I know what some people are thinking -- "Ah, a Michael J. Fox movie, natch." But I really dug The Frighteners when it came out; it's one of the few movies I went out of my way to see twice in the theater. I have always had this interest in ghosts, so seeing Fox as a sort of ghostbuster was pretty neat. He also gives a fantastic performance -- it really shows his range as an actor. Plus, there's the mix-of-genre aspect to it that I liked. Now if only they would put out a DVD of this film that's got all the goodies as the special edition laserdisc has, I can die happy.... Few people know that he got his movies mixed up a few times and that there are outtakes where he was screaming "Doc!" and not "Judge!" (And then cursing at his stupidity, heh heh....)
It's a Wonderful Life
Robert Zemeckis and Bob Gale (of the BTTF films) once said that this was one of the greatest time travel movies ever made -- and yet no time travel takes place. You can see the influence of this film a lot in Back to the Future Part II, with the alternate 1985.... But, anyway, I grew up seeing this movie on the TV non-stop during the holidays and it was a favorite film of my mom's, but I really didn't appreciate it until I was probably about 11 or 12 and sat down to see it from beginning to end. Wow. I love the message this film has -- that one person can make such positive changes and differences in people's lives. Add that to the fact this is a film tied in tight with my nostalgic childhood memories of the holiday season and bingo! I watch this movie once a year, around Christmas; it's my little tradition. And yes, I am a wuss; I cry every time I see the ending and everyone is paying George Bailey back for being there for them....
Can't Hardly Wait
I'm sure a few people are going "what the hell?" with this selection. This was one of those blink-and-you'll-miss-it teenage films that came out in the latter half of the 1990's, when teen films were all trendy. But, oh my God, few films have the power to crack me up on repeated viewing as this one does. Seth Green's wannabe-rapper character is hysterical! And I'll admit to having a crush on Ethan Embry after seeing his performance here; man, if a guy ever felt that way about me as he does with the Amanda in the film.... At times, this film almost feels like an extended music video -- it has a great soundtrack, uses a lot of fast cuts and camera angles, and takes place mostly at this blowout party. Great teenage comedy.

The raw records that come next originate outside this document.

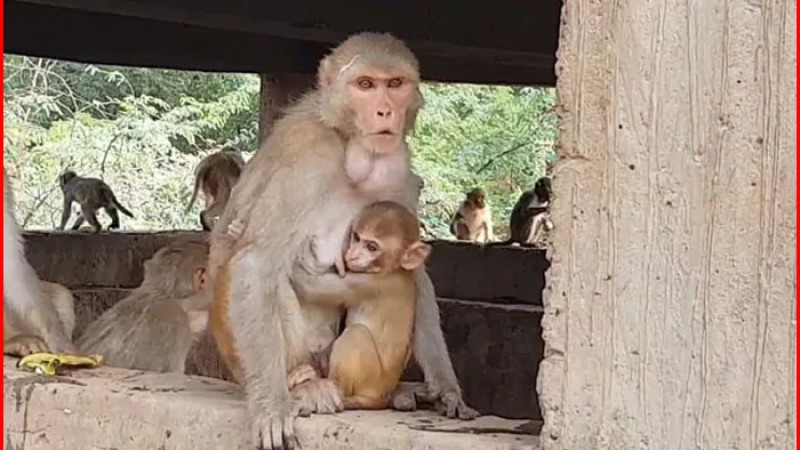 বাবা-মায়ের সামনেই চার মাসের শিশুকে হত্যা করল বানর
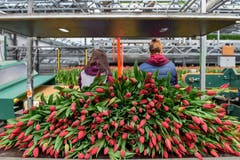 Soeben geerntet: Tulpen der Sorte «Strong Love». (Bild: Raphael Rohner)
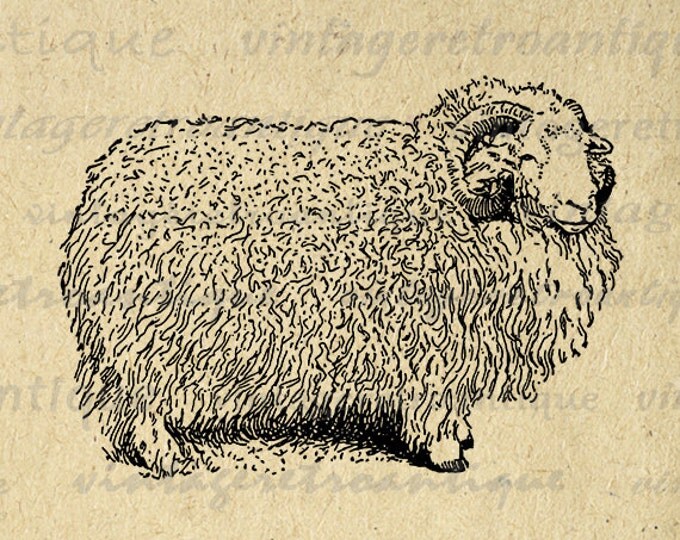 Printable Image Herdwick Ram Sheep Graphic Illustrated Digital Download Vintage Clip Art Jpg Png Eps HQ 300dpi No.3427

This is a true teenage movie classic -- and a fantastic comedy. I saw it for the first time when I was 17, and I laughed myself off the couch! It's got a great 1980s feel to it, too, so it's faintly nostalgic for me, since I spent my whole childhood in that decade....
Top Five Fave Albums
A brief word about this area -- music, for me, is like a time machine. This may be why I own an obnoxious amount of CDs; it's like owning that period in my life, that emotion, that memory, that moment. I play a song or album and -- BOOM -- I am back reliving the moment my friends and I were cruising around town in someone's car during high school. Or the moment I realized I had fallen in love the first time. Or the moment of celebration when I finished my first book. Whatever. I listen to music constantly, when driving, writing, doing homework, whatever. Drives my friends and family nuts, but I love background noise. These are just a few constant musical faves of mine. (Which will probably shuffle around from time to time.)

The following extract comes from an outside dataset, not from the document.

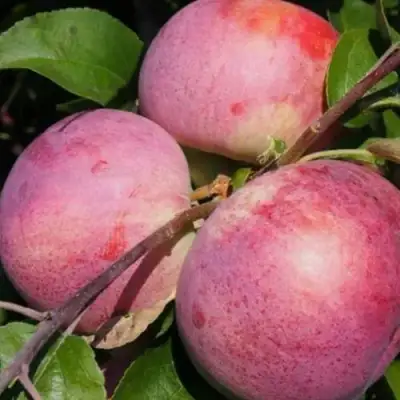 Яблоня БЕЛОРУССКОЕ МАЛИНОВОЕ в Рогачеве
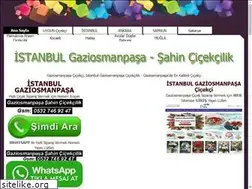 Sites similar to naturelcicek.com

Come Away With Me - Nora Jones
I bought this album after hearing a couple of the singles and liking what I heard. Oddly, I didn't love it at first listen -- but then I started listening to it when I would go off to write in coffee shops, or need to focus and concentrate, and the songs quickly grew on me. It's such a nice, mellow album, and never ever fails to help me write when I need to listen to something soothing, comforting, and not terribly intrusive or distracting. I've got such weird tastes -- I like punk and rock, but also piano and jazz stuff. Go figure.
The Young and the Hopeless - Good Charlotte
Great record -- it did not leave my car for a few weeks! A lot of GC's stuff seems to rip off other songs -- am I the only one who hears the simularities between "The Anthum" and that Disney song from The Jungle Book that the bear sings?? -- but that familiarity also probably made it appealing for me. Some faves -- "Say Anything," which sounds like a song from the 80's; "The Anthum" and "Boys and Girls" just rock; and I love "Movin' On"!

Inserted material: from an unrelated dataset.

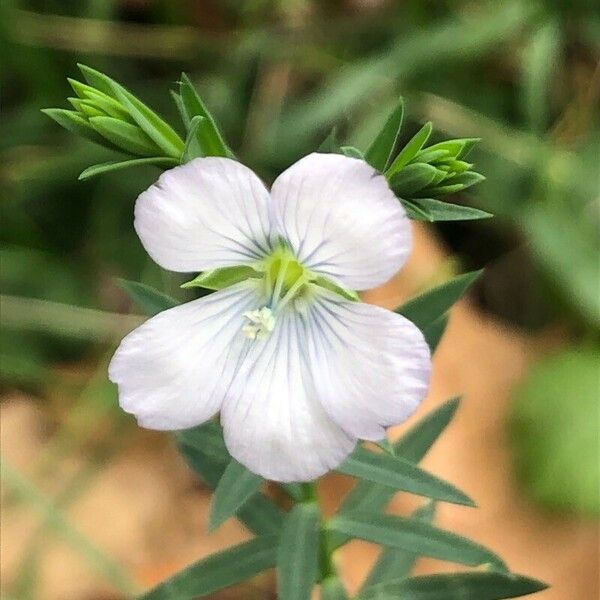 Linum bienne ফুল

Ready, Sex, Go - Marvelous 3
I blame my friend, Nicole, for getting me into this band. I really like Lit and Eve 6 -- their melodies, their cheeky lyrics, etc -- and was lamenting one night about "When the hell are they gonna put out a new album?" She asked me if I heard of Marv 3, which was quite similar in sound. I hadn't, so she sent me a CD of a bunch of their different songs. Bingo, I was hooked. This is probably the best of their three albums, and the last one before they disbanded. My one complaint is that "Lefty," a track that is not on any of their albums but Nicole included on her compilation, is not part of the album. (Part of it can be heard on the bonus track credits.) That song kicks ass!
ABBA: Thank You For the Music (Boxed Set)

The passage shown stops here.